Content starts
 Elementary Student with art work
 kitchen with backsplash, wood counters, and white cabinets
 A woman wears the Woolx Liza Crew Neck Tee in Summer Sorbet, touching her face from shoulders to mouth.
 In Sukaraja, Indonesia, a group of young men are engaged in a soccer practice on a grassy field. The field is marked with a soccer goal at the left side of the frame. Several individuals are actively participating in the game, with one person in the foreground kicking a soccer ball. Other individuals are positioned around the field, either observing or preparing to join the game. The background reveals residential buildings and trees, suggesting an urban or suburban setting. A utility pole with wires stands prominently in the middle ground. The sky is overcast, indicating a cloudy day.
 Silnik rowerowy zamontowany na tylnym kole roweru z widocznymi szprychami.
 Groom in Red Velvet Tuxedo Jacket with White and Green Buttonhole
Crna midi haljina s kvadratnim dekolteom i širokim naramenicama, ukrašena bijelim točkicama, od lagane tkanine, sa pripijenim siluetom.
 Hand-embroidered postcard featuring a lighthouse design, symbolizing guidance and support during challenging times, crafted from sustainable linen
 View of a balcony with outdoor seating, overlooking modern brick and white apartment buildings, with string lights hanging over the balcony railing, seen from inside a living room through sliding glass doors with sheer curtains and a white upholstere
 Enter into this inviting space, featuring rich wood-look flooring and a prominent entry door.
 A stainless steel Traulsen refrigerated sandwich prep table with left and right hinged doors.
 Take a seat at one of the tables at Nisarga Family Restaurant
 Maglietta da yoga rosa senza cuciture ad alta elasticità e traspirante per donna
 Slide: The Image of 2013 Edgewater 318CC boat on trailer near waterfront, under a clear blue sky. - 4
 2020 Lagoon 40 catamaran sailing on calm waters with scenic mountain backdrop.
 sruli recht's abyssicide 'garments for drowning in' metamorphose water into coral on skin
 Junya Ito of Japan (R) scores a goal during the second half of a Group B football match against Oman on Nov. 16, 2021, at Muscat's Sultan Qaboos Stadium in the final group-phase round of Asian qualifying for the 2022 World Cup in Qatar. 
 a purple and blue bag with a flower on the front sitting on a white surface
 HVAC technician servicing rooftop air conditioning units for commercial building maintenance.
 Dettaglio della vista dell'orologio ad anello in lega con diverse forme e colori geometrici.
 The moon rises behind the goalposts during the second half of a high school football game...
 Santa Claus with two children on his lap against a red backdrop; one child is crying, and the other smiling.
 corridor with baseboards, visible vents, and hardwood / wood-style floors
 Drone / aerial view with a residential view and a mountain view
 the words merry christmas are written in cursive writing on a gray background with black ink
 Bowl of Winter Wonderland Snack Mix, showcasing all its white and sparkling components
Content ends
ACTION ITEM | Copy all of the material word for word.

EXERCISE SOLUTION |
 Elementary Student with art work
 kitchen with backsplash, wood counters, and white cabinets
 A woman wears the Woolx Liza Crew Neck Tee in Summer Sorbet, touching her face from shoulders to mouth.
 In Sukaraja, Indonesia, a group of young men are engaged in a soccer practice on a grassy field. The field is marked with a soccer goal at the left side of the frame. Several individuals are actively participating in the game, with one person in the foreground kicking a soccer ball. Other individuals are positioned around the field, either observing or preparing to join the game. The background reveals residential buildings and trees, suggesting an urban or suburban setting. A utility pole with wires stands prominently in the middle ground. The sky is overcast, indicating a cloudy day.
 Silnik rowerowy zamontowany na tylnym kole roweru z widocznymi szprychami.
 Groom in Red Velvet Tuxedo Jacket with White and Green Buttonhole
Crna midi haljina s kvadratnim dekolteom i širokim naramenicama, ukrašena bijelim točkicama, od lagane tkanine, sa pripijenim siluetom.
 Hand-embroidered postcard featuring a lighthouse design, symbolizing guidance and support during challenging times, crafted from sustainable linen
 View of a balcony with outdoor seating, overlooking modern brick and white apartment buildings, with string lights hanging over the balcony railing, seen from inside a living room through sliding glass doors with sheer curtains and a white upholstere
 Enter into this inviting space, featuring rich wood-look flooring and a prominent entry door.
 A stainless steel Traulsen refrigerated sandwich prep table with left and right hinged doors.
 Take a seat at one of the tables at Nisarga Family Restaurant
 Maglietta da yoga rosa senza cuciture ad alta elasticità e traspirante per donna
 Slide: The Image of 2013 Edgewater 318CC boat on trailer near waterfront, under a clear blue sky. - 4
 2020 Lagoon 40 catamaran sailing on calm waters with scenic mountain backdrop.
 sruli recht's abyssicide 'garments for drowning in' metamorphose water into coral on skin
 Junya Ito of Japan (R) scores a goal during the second half of a Group B football match against Oman on Nov. 16, 2021, at Muscat's Sultan Qaboos Stadium in the final group-phase round of Asian qualifying for the 2022 World Cup in Qatar. 
 a purple and blue bag with a flower on the front sitting on a white surface
 HVAC technician servicing rooftop air conditioning units for commercial building maintenance.
 Dettaglio della vista dell'orologio ad anello in lega con diverse forme e colori geometrici.
 The moon rises behind the goalposts during the second half of a high school football game...
 Santa Claus with two children on his lap against a red backdrop; one child is crying, and the other smiling.
 corridor with baseboards, visible vents, and hardwood / wood-style floors
 Drone / aerial view with a residential view and a mountain view
 the words merry christmas are written in cursive writing on a gray background with black ink
 Bowl of Winter Wonderland Snack Mix, showcasing all its white and sparkling components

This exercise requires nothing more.